Week 4

This week has absolutely flown by. I think it is because I’ve been coding so much; staring at a computer screen seems to make the time pass quicker. My work this week involved a lot of trial and error as I put theory to practice in creating a Bayesian Network.


Goals

  1. Create a Bayesian Network program than can perform inference through Variable Elimination and Likelihood Weighting
    • This has been my big project this week. I have uploaded my code, text files for each test network, and screenshots of those networks in Netica to GitHub. Seeing the code work on large networks at the end of the week was extremely satisfying because at the beginning of the week, I had no idea of how to go about creating this program.
  2. Outline the final paper Abstract, draft the Introduction, and Peer Review someone’s Related Work and Methods sections
    • Rob has done most of the paper work this week. Dr. Natarajan said that the timeline for writing our paper is different than other group’s timelines due to the nature of Machine Learning research. The majority of our paper writing and editing will be done in the last week or two of the program.

Weekend

This weekend was a lot of fun. As usual, I went to the farmer’s market on Saturday morning. Anne, Gabby, and I decided to stop by The Village Deli for brunch afterwards. The giant pancake was fantastic.

Week4_brunch.jpg

I was so drained from the previous week that I took a 4 hour nap. Thankfully, I woke up in time to go to Dr. Siek’s house for dinner.

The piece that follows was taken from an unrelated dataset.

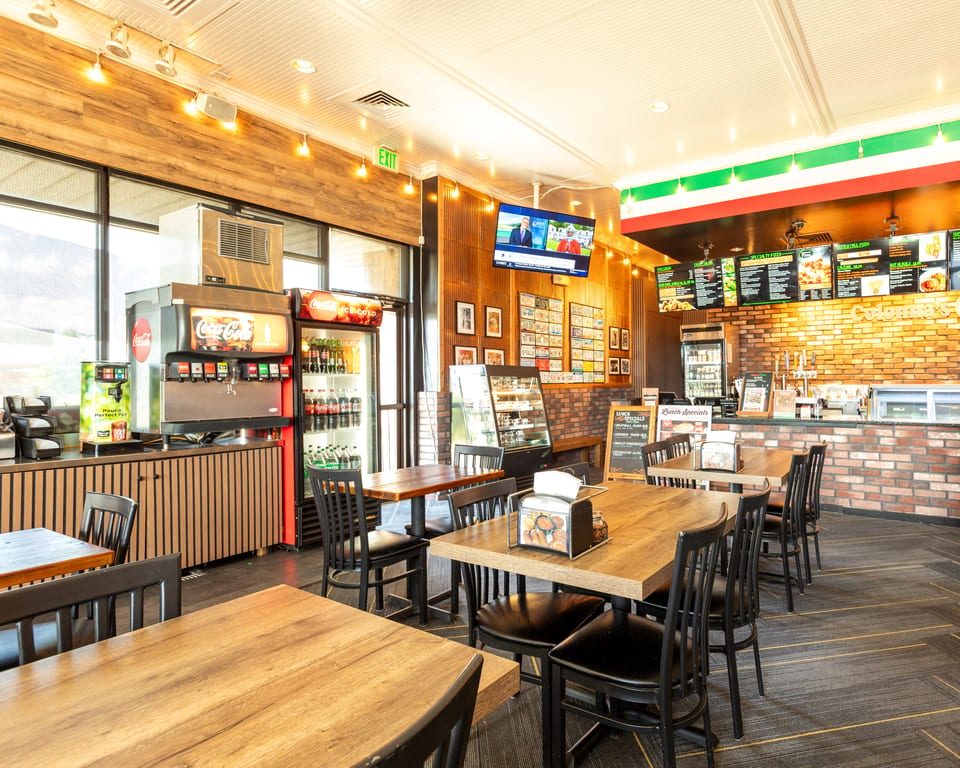 A brightly lit restaurant interior with wooden tables, black chairs, a soda fountain, and a menu board.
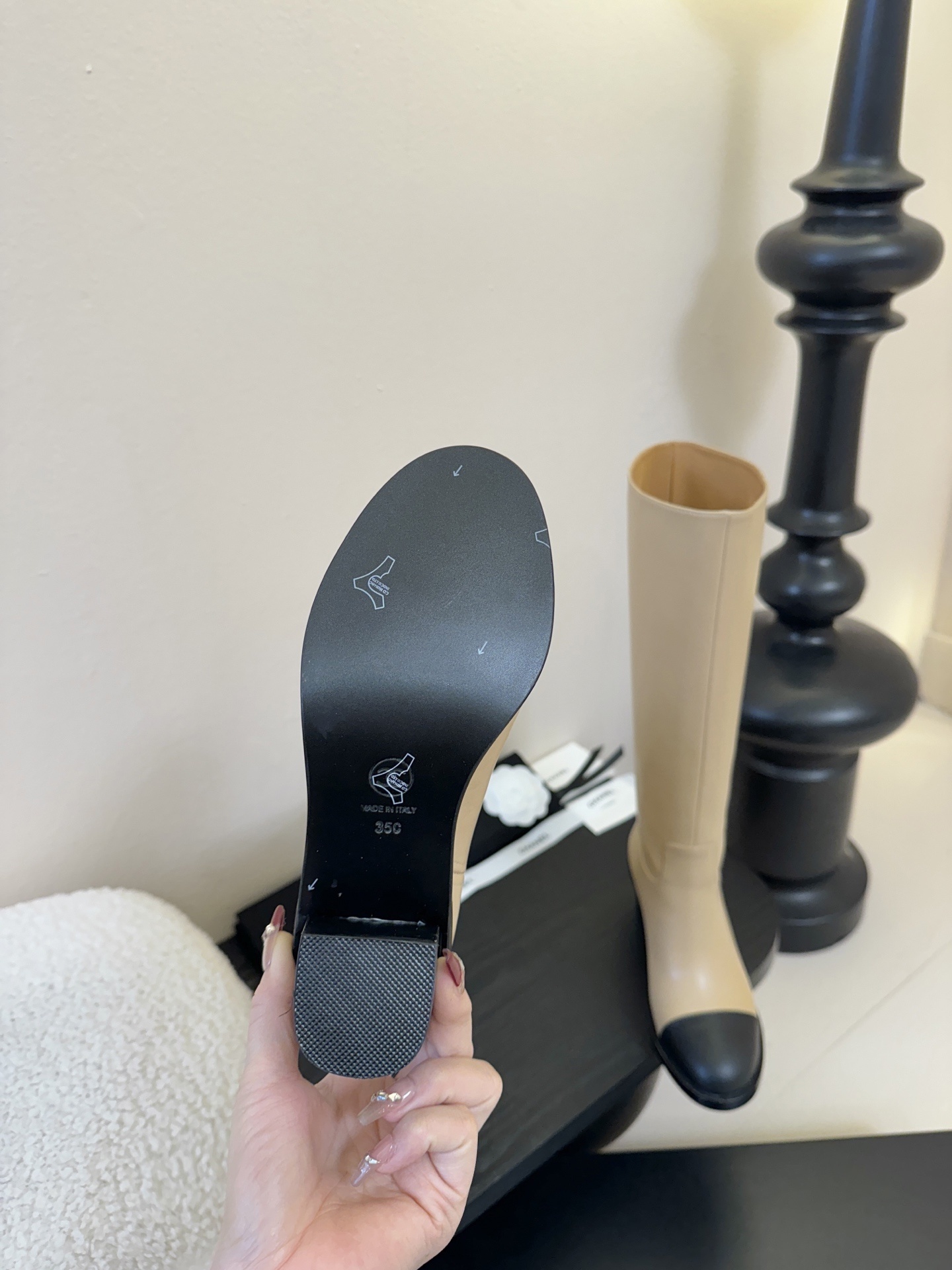 Chanel beige leather knee-high boots with black cap toes and white CC logo on a black display stand - Hình 9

Dr. Siek’s party was a blast. All of the ProHealth students and most of the faculty and graduate student advisors were there. Some of us played on Dr. Siek’s awesome play-structure with her daughters, which was a lot of fun.  The homemade food was delicious, especially the butternut squash strata. I would be elated if she hosts another ProHealth party this summer.

Week4_BBQ1.jpg

On Sunday, I checked out the Bloomington’s Christian Science Church alongside Thomas and Disaiah. It was a different sort of service than I am used to. I’m glad that I now know what attending a Christian Science Church is like.

Week4_church.JPG

I spent a good portion of the afternoon working on modifying the BayesNets code I had to perform variable elimination. Most of my trouble was with keeping track of where nodes landed in the probability tables when multiplied. Too many .index(item) calls were being made.

Monday

Today was a good learning experience, if a tad frustrating. The code I wrote today is trash, but now I have a good idea of what I actually need to do to make a working program. The way I was keeping track of Boolean values in the truth tables was inefficient, so I’ve decided to make each row a tuple of booleans and map the tuple to it’s corresponding value.  There is probably an even better way to do this, but at least I’m improving on what I had. Using this structure, multiplying tables and summing out variables should become easier to implement.

Tuesday

After a full day of coding, I have a working program! Given the query, evidence, and elimination order, the program can find the probability of the query using variable elimination, an exact inference technique. This worked well on the basic 5 node ALARM network. I kind of cut it close with this program since we are meeting with Dr. Natarajan tomorrow to discuss it.

Wednesday

Rob and I talked to Dr. Natarajan today about the program. He told me to stress test the program with a network of 30-40 nodes. Also, I am supposed extend the program with a likelihood weighing algorithm. Rob is supposed to find a good Bayesian Network module such as OpenBayes or GPy so that we can compare the results.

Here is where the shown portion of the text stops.